# connect to DSP 1124P



## neophyte

i want to buy and use dsp 1124p like parametric eq for my velodyne spl1000, can i connect it from another subwoofer and its speaker level output? is it correct and good idea?


----------



## brucek

> can i connect it from another subwoofer and its speaker level output? is it correct and good idea?


Nope. The BFD accepts line level inputs normally fed from a receiver or processors subwoofer/LFE ouput.

brucek


----------



## neophyte

and if i use some resistor to decrease level of output signal from subwoofer? because i dont have receiver with pre out but 2.1 pc repro


----------



## neophyte

any ideas?:sad:


----------



## brucek

> any ideas?


Yes, it is possible to create a small circuit to accomplish what you're trying to do, but it usually takes some trial and error testing, combined with the abililty to solder and the specs of the subwoofer amplifier with regard to whether it is a bridged output and its power rating.
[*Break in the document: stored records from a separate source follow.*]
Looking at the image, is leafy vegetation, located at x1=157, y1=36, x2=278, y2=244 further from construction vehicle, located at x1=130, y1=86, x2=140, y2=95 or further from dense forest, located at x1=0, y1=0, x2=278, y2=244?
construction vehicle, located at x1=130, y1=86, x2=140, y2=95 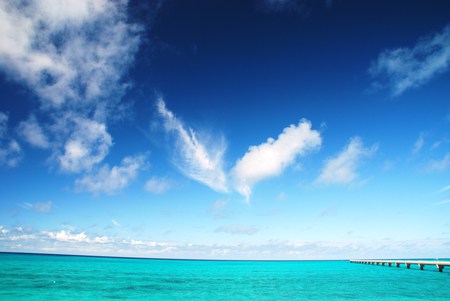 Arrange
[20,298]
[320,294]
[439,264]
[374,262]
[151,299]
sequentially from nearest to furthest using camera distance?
1. [20,298]
2. [151,299]
3. [320,294]
4. [439,264]
5. [374,262]

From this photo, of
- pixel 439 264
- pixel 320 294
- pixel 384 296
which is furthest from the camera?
pixel 439 264

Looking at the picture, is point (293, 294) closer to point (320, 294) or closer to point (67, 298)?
point (320, 294)

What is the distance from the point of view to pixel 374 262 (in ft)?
383

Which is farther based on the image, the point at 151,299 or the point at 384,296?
the point at 384,296

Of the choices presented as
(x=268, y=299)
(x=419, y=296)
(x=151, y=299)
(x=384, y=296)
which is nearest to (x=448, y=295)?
(x=419, y=296)

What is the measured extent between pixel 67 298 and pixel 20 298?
12.2ft

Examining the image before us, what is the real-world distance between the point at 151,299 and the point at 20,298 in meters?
11.2

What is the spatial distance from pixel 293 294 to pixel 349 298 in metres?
5.85

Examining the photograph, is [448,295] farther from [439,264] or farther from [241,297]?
[439,264]

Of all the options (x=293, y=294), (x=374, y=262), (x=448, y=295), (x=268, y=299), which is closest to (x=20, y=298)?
(x=268, y=299)

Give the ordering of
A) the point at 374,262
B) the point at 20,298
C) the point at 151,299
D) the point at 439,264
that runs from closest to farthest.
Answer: the point at 20,298
the point at 151,299
the point at 439,264
the point at 374,262

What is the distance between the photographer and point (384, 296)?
29.5 meters

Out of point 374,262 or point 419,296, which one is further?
point 374,262

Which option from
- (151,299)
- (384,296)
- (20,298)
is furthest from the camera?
(384,296)
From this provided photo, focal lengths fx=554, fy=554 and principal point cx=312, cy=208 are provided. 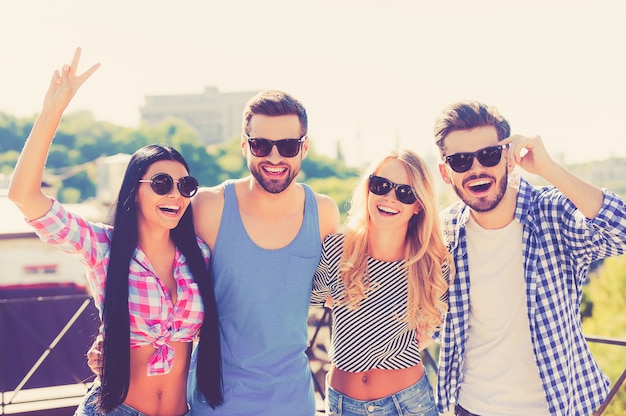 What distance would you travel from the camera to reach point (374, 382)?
9.89ft

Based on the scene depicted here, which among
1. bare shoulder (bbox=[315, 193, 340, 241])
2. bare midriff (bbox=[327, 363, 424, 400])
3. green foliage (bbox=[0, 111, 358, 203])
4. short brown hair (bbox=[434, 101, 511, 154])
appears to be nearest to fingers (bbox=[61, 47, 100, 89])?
bare shoulder (bbox=[315, 193, 340, 241])

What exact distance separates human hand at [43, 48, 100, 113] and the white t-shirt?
2.26m

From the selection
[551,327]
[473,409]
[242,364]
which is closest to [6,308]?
[242,364]

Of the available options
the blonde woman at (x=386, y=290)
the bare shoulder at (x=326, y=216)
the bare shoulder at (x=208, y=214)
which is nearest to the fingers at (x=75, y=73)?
the bare shoulder at (x=208, y=214)

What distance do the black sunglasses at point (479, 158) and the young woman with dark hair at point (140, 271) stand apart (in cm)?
145

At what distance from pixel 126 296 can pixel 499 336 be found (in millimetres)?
1986

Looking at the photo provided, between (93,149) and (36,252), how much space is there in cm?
6565

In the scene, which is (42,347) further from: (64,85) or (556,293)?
(556,293)

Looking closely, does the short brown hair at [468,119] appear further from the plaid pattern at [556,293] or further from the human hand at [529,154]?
the plaid pattern at [556,293]

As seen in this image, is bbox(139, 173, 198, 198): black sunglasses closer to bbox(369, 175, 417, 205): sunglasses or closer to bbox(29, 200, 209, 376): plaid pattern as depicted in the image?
bbox(29, 200, 209, 376): plaid pattern

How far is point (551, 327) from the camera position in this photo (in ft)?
9.39

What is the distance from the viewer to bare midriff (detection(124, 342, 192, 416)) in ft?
9.04

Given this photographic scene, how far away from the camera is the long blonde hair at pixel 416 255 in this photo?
3123 mm

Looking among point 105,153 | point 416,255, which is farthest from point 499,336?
point 105,153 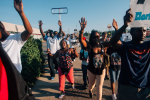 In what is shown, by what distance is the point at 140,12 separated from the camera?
139 cm

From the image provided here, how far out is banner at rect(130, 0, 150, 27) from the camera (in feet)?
4.48

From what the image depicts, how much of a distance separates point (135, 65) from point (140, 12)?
2.79 feet

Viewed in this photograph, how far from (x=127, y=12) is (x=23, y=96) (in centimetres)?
183

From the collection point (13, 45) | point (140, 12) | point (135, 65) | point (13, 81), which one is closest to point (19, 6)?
point (13, 45)

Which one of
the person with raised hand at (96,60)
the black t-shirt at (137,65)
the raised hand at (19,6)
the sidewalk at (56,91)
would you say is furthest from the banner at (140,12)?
the sidewalk at (56,91)

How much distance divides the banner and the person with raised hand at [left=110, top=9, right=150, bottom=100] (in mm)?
103

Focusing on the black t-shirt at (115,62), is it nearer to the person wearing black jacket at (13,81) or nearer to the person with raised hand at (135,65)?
the person with raised hand at (135,65)

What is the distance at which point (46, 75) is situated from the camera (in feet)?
15.6

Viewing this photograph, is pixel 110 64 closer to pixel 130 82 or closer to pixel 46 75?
pixel 130 82

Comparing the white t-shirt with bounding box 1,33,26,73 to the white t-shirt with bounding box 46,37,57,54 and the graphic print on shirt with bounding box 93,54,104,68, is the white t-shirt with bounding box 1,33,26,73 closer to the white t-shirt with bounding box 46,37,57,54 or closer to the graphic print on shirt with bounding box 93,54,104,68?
the graphic print on shirt with bounding box 93,54,104,68

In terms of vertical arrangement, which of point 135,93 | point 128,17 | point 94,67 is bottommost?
point 135,93

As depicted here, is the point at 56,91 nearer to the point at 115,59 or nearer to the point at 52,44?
the point at 52,44

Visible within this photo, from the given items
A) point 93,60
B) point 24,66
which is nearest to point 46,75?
point 24,66

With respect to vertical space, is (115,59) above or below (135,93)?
above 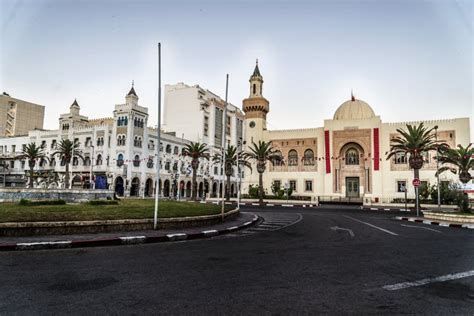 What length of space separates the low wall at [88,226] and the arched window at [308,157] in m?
45.7

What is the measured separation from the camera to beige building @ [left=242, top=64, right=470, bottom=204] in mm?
50312

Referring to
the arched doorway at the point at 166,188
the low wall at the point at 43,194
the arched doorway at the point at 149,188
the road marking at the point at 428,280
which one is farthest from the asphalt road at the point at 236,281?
→ the arched doorway at the point at 166,188

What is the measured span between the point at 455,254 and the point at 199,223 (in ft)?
29.9

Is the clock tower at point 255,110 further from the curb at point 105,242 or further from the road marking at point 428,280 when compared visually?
the road marking at point 428,280

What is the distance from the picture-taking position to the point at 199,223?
14.5 m

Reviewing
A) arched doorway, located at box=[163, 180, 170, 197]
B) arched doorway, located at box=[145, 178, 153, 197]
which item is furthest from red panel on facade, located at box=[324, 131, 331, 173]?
arched doorway, located at box=[145, 178, 153, 197]

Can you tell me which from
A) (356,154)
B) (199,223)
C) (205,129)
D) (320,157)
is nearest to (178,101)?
(205,129)

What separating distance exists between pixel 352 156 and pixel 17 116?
77830 mm

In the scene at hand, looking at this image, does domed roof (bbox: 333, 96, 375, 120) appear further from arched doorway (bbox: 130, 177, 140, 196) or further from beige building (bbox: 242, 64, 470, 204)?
arched doorway (bbox: 130, 177, 140, 196)

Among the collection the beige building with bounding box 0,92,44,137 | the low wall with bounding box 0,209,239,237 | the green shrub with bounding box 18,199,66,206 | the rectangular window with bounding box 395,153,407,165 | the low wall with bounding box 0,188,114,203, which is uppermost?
the beige building with bounding box 0,92,44,137

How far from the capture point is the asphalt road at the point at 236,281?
4.39 m

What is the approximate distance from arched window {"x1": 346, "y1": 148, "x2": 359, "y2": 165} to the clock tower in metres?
15.8

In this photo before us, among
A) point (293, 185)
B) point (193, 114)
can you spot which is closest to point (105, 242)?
point (293, 185)

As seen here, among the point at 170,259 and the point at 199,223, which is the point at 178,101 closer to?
the point at 199,223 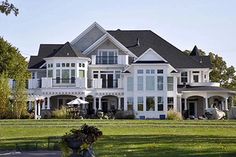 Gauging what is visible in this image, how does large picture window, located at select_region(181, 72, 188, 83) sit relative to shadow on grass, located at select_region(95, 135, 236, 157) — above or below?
above

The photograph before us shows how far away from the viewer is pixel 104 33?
63.3m

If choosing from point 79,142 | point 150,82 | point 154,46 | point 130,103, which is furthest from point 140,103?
point 79,142

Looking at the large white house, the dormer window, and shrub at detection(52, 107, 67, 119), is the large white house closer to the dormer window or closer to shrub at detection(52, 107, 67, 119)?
the dormer window

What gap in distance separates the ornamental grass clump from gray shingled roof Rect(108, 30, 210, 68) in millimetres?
54161

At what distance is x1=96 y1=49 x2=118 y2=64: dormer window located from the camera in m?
62.6

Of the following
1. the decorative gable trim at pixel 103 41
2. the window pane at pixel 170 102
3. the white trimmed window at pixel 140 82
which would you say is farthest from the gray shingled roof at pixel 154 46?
the white trimmed window at pixel 140 82

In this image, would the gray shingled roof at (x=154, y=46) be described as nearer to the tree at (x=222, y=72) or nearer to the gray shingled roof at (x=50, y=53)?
the gray shingled roof at (x=50, y=53)

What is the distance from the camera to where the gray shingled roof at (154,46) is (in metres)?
65.5

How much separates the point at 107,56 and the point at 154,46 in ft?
26.1

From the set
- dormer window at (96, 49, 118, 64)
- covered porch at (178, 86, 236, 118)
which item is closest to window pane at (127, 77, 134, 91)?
dormer window at (96, 49, 118, 64)

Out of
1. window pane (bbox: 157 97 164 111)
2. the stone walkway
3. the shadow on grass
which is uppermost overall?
window pane (bbox: 157 97 164 111)

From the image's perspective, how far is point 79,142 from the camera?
10.7 metres

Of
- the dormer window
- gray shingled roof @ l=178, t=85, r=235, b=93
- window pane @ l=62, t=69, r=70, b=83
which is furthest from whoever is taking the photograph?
the dormer window

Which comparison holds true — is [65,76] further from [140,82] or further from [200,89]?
[200,89] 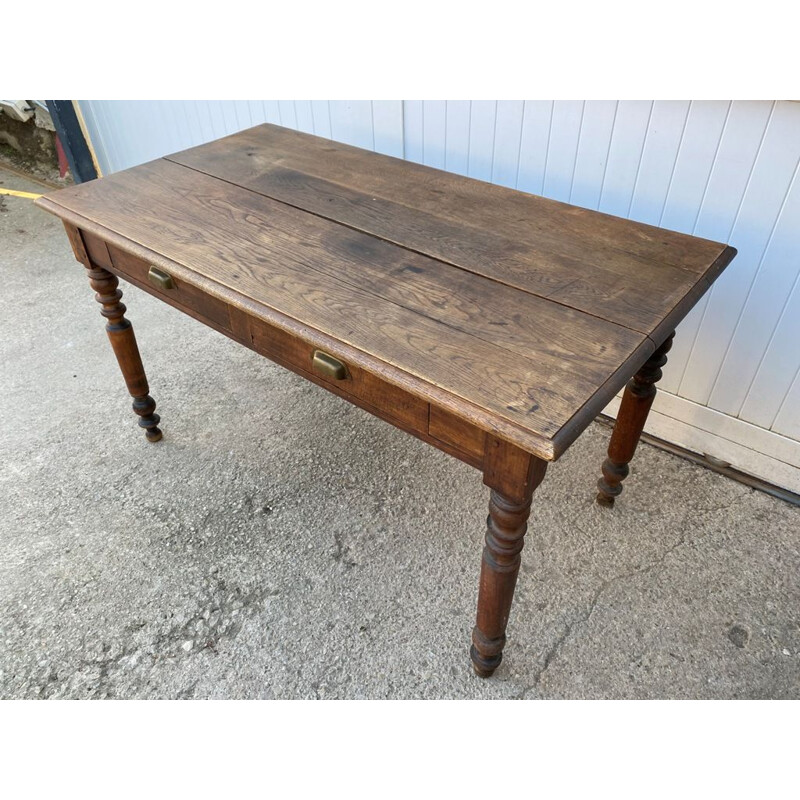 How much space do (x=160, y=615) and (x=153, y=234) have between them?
97 centimetres

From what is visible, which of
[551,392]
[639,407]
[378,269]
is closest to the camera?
[551,392]

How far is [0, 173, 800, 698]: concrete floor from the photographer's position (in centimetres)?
167

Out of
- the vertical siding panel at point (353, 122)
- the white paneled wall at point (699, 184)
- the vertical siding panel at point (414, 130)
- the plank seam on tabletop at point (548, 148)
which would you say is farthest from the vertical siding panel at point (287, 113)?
the plank seam on tabletop at point (548, 148)

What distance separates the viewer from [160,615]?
1810 millimetres

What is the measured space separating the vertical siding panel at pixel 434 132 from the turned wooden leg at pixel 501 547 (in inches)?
Result: 56.2

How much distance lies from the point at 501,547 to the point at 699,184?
45.4 inches

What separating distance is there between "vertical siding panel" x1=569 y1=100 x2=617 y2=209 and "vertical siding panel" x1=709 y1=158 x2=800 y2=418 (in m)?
0.49

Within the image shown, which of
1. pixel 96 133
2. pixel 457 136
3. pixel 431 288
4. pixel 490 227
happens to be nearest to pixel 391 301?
pixel 431 288

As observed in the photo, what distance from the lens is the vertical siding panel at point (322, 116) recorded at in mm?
2583

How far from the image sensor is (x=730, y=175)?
1.77 metres

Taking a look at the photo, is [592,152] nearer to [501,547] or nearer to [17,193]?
[501,547]

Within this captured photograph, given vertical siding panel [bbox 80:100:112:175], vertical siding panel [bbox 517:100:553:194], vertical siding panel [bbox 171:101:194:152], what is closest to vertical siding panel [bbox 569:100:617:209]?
vertical siding panel [bbox 517:100:553:194]
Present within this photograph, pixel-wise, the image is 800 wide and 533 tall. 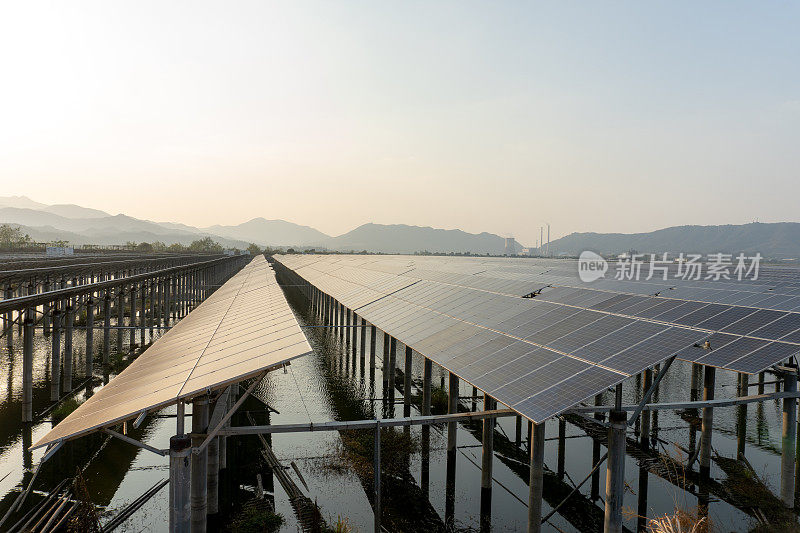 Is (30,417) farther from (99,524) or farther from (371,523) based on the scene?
(371,523)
Your best bet would be to use a set of 5.1 speakers, thus enabling the sub out jack in that mode. Then you can tap the line-level output to feed the BFD and Vel.

If you simply used your 2.1 set of speakers as mains left/right and then added a powered center channel speaker, you could enable 5.1 mode to make the center/sub line out active.

brucek


----------



## neophyte

yes, but if i connect center+sw to my 2.1 speakers i will not have volume control together for all channels..

so, i try to use some resistor, but i dont know how much ohms..


----------



## brucek

> yes, but if i connect center+sw to my 2.1 speakers i will not have volume control together for all channels


You don't connect them to the 2.1 speakers, you connect them to the soundcard.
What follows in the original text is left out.